Shocked by the assault, my foot serjeants turned tail and routed!
 During their first melee my foot serjeants suffered a horrendous Courage roll at the end of combat. With a -3 due to the loss of their first three casualties they were forced to rout. That was a bit surprising, and I'm not sure how I feel about such brittle units, but I guess it keeps the game from becoming a slog!

My knights continued up the hill, screened by my foot troops who luckily didn't fall under any more missile fire after my son's crossbowmen failed to activate.

My second foot serjeants met another charge by mounted knights, but this time had the wits to form into a schiltron, improving their resilience.

Each unit has at least one special ability which helped keep them unique and diverse. The knights are forced to charge enemy units within charge range unless held back by failed command roll, and also have the ability to countercharge an attack (improving their ability to deal damage in the ensuing melee). Foot serjeants can form up into a schiltron, but lose the ability to move when they do so.

My knights climbing the hill, hoping to catch the enemy unawares.

The yellow knights continued to pound my foot serjeants, finally breaking their schiltron and throwing them back, battered.

My son's foot troops also reached the top of the hill, forming a schiltron to help guard the crossbowmen on their flank.
 My son and are also began learning to take advantage of the proximity rules in Lion Rampant. Units can't move to a destination within three inches of an enemy unless they are charging an enemy. By positioning his foot serjeants slightly ahead of his missile troops, he made maneuvering my knights into position to charge them difficult.


The battle was coming to a head. My knights crested the hill, ready to charge, but out of position,
only threatening my son's tough troops. 

My son threw his yellow knights at my weakened foot serjeants at the bottom of the hill...

... and was repulsed! My foot serjeants slew several of his knights who failed their Courage roll and routed from the field!
He was miffed.

I threw my knights into the battle, each of our leaders trading blows.

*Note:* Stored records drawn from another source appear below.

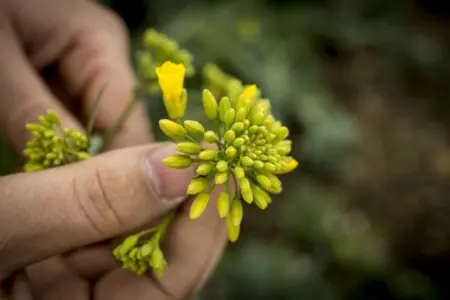 Foto: Rapsblüte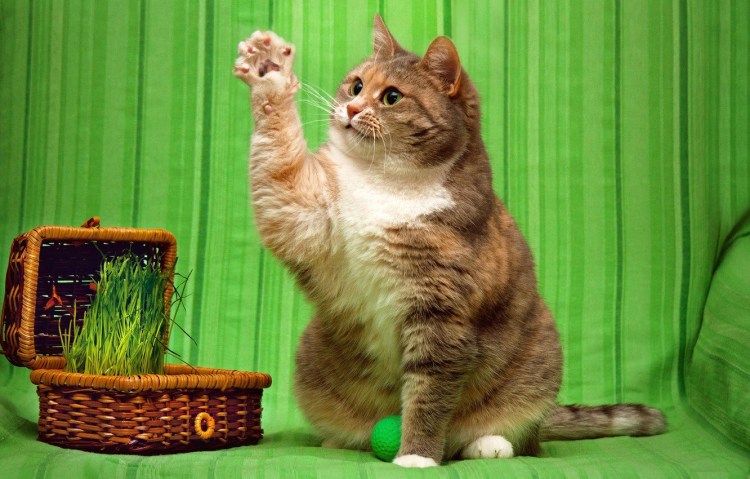 Кошка Мими Рэгдолл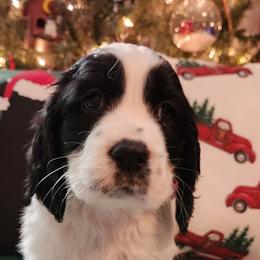 Sarah - Black and white English Springer Spaniel puppy in Hilham, Tennessee from Rocky Top Springer Spaniels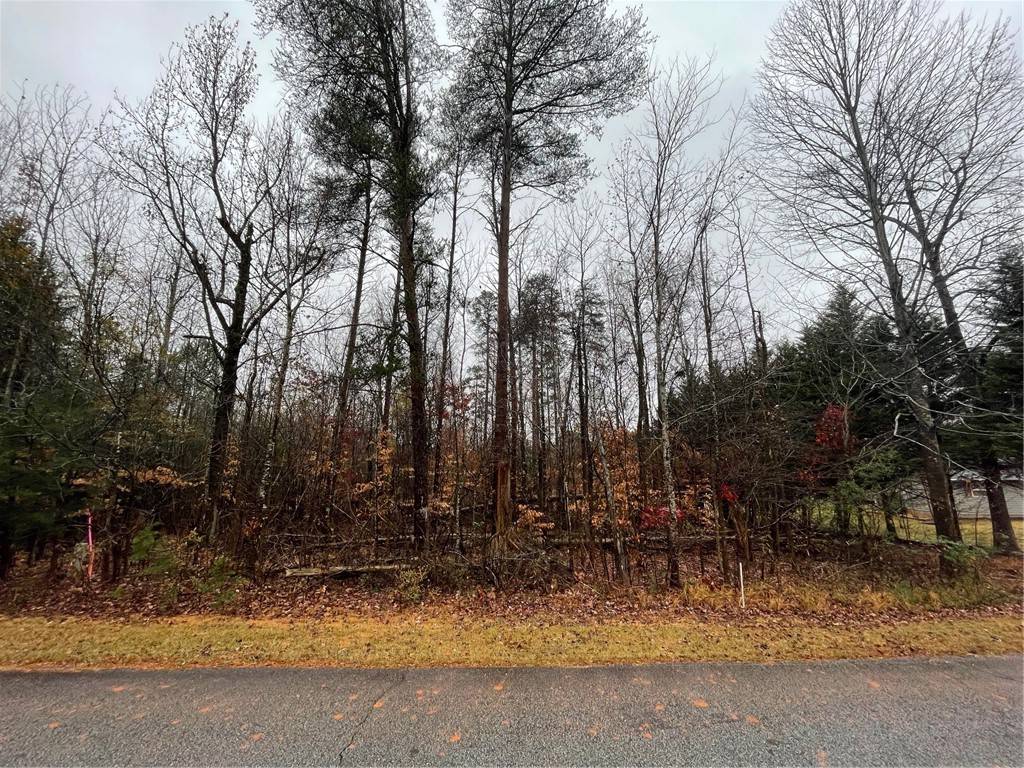 Westminster, SC 29693,Lot 806 Palmer LN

The cream of nobility spilt their blood upon the field.
Suffering more volleys from my son's crossbows and some lucky rolls in melee, my leader's unit was nearly wiped out and forced back. With my son still having two untouched units and mine severely damaged I decided retreat was the wisest course of action. 

Summing Up

That was fun! Lion Rampant moves quickly and offers some interesting decisions each round. Each unit also has their own character (from different activation rolls, combat values and special abilities) with very little overhead. The rules are forgiving of measuring and placement and keep the focus on quick, deadly medieval combat. I'm not so sure about how brittle units can be with a poor Courage roll after suffering only a handful of casualties, but that may be a feature not a bug.

I'm looking forward to getting some more units painted up to field full 24 point warbands, bringing in more complex terrain and trying out some of the scenarios.











7 comments:

  1. Great battle report. Lion/Dragon Rampant games are fast and fun!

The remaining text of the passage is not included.